## EXERCISE
Reproduce exactly only the lines from the line that holds "RiteAV - 15" to the line that holds "mamre Golden Sunset", inclusive, in the listing below, and please leave out every picture.

## DATA FOR THE TASK
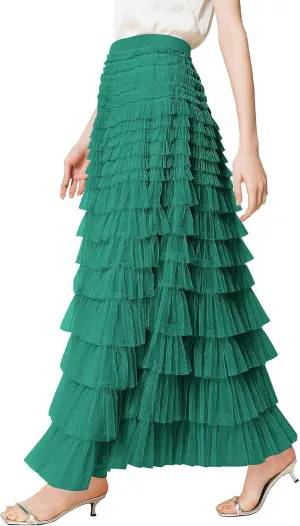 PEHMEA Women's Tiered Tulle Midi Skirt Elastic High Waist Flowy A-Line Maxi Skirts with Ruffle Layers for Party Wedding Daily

...

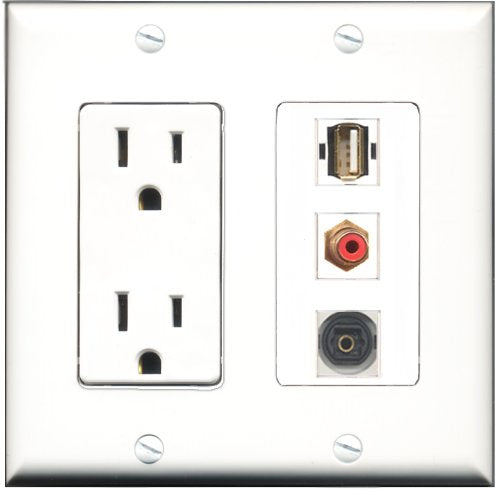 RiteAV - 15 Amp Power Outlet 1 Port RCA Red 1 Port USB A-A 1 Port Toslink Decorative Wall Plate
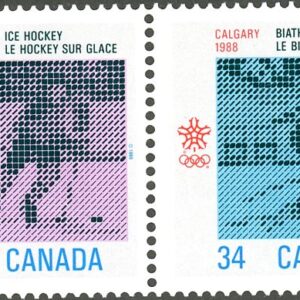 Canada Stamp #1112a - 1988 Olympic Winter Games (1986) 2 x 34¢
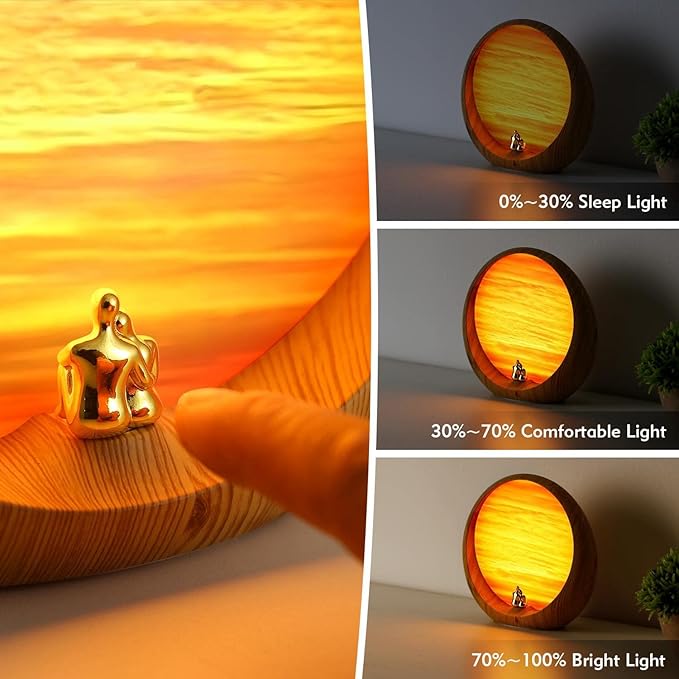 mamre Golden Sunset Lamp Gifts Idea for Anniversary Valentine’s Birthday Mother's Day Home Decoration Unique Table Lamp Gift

## ANSWER SPACE
 RiteAV - 15 Amp Power Outlet 1 Port RCA Red 1 Port USB A-A 1 Port Toslink Decorative Wall Plate
 Canada Stamp #1112a - 1988 Olympic Winter Games (1986) 2 x 34¢
 mamre Golden Sunset Lamp Gifts Idea for Anniversary Valentine’s Birthday Mother's Day Home Decoration Unique Table Lamp Gift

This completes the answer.